Esta tendência é particularmente grave para a economia russa, numa altura em que atravessa severos problemas, devido às sanções impostas pelo ocidente em resposta à invasão russa da Ucrânia e à reorientação do país para uma economia de guerra. Essa alteração levou a Rússia a concentrar grandes quantidades de recursos em aumentar a produção militar, expandindo as fábricas existentes, construindo novas infraestruturas e investindo em setores completamente novos para a economia russa. Todo este esforço exigiu uma grande quantidade de mão-de-obra, inicialmente colmatada pelo Kremlin com trabalho de migrantes. Atualmente 10,5 milhões de migrantes, maioritariamente da Ásia Central, trabalham na Rússia.
Mas o ataque ao centro comercial Crocus City Hall por um grupo de migrantes do Tajiquistão mudou tudo. A onda de indignação perante um dos piores ataques terroristas da história do país, que tirou a vida a 144 pessoas e feriu 551, levou o Kremlin a propor nova legislação para limitar a imigração no país. As leis adotadas pelo parlamento russo dão poder à polícia para decidir se os migrantes devem ser deportados e permite que essas deportações aconteçam dentro de 48 horas. E o resultado foi imediato, apenas em 2024, o número de deportações na Rússia disparou para 80 mil, o dobro do ano anterior, de acordo com estatísticas estatais russas citadas pela TASS.
"Quando morrem mais pessoas do que nascem, os países ficam dependentes de saldos migratórios positivos para garantir o funcionamento de vários setores fundamentais ao funcionamento do estado. Com a Rússia a deixar de abrir as portas à imigração, o impacto no saldo populacional russo vai ser bastante negativo e acentuar as perdas de população que têm vindo a ser registadas", alerta Teresa Rodrigues.
Estas restrições à imigração ameaçam colocar ainda mais pressão na situação demográfica, acentuando a queda anual no número de habitantes, e na economia russa, numa altura em que a inflação continua em alta. Em 2023, o Banco Central da Rússia (BCR) informou que 60% das empresas enfrentavam uma escassez de trabalhadores (a maioria dos quais especialistas qualificados) e mais de 75% das empresas tiveram de aumentar os salários para manter os trabalhadores. Mais tarde, o próprio vice-governador do BCR, Alexei Zabotkin, admitiu que “a capacidade de produção disponível” está esgotada.
Só que não é apenas nas fábricas e nos escritórios que esta mão-de-obra é necessária. A prioridade para o Kremlin continua a ser na linha da frente, onde milhares de soldados são lançados contra as posições defensivas ucranianas, umas vezes com sucesso, outras nem por isso. Passados dois anos, as necessidades de soldados não diminuíram, muito pelo contrário.
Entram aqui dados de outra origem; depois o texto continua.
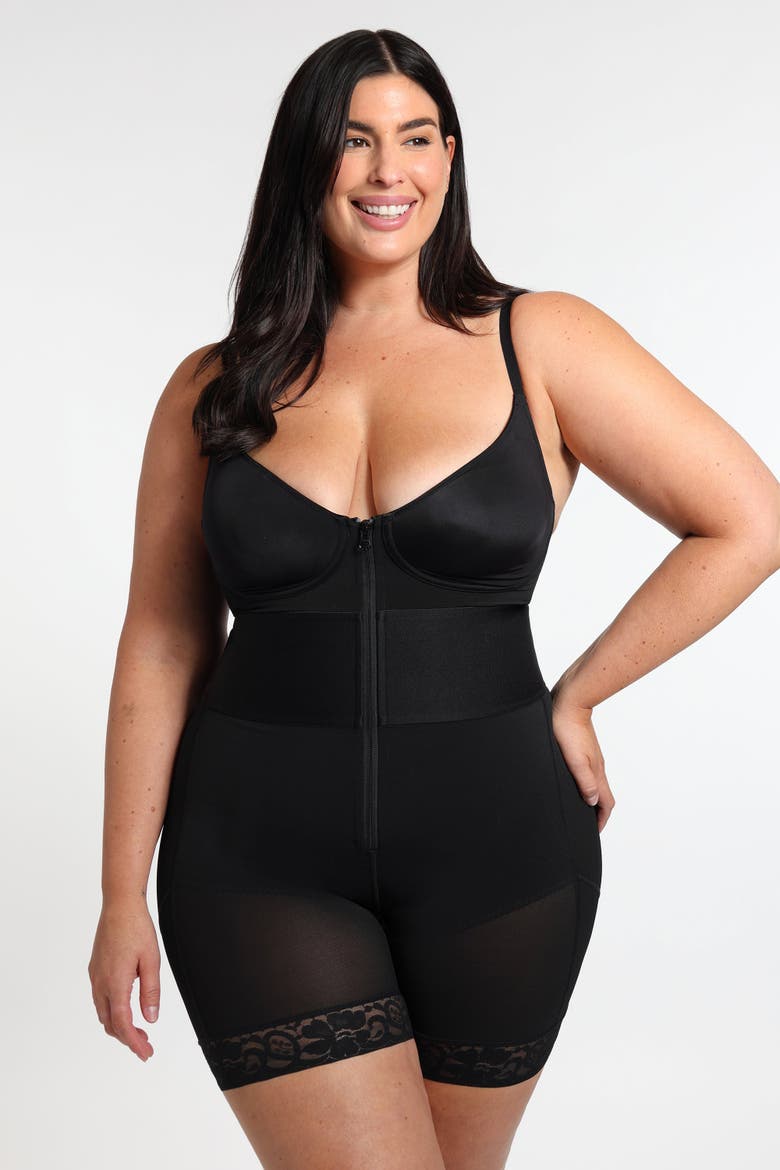 AirSlim ElasticFuse Waistband Shaping Bodysuit, Alternate, color, Black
O exército precisa de 30 mil novos soldados por mês. Para os convencer a entrar no exército voluntariamente, o governo oferece uma combinação de elevados salários, mais benefícios e prémios de assinatura de contrato.
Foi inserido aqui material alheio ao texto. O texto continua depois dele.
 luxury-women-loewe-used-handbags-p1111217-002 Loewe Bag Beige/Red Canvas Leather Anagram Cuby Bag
Invadir a Ucrânia, enfrentando um desafio demográfico catastrófico, parece ter sido uma enorme loucura para o Kremlin. A arrogância baseada numa espantosa falha dos serviços secretos pode explicar o erro de cálculo. Outra explicação possível é que Putin compreendeu que os desafios económicos e demográficos da Rússia significam que o país não estará em condições mais favoráveis nas próximas décadas", sugere Harley Balzer.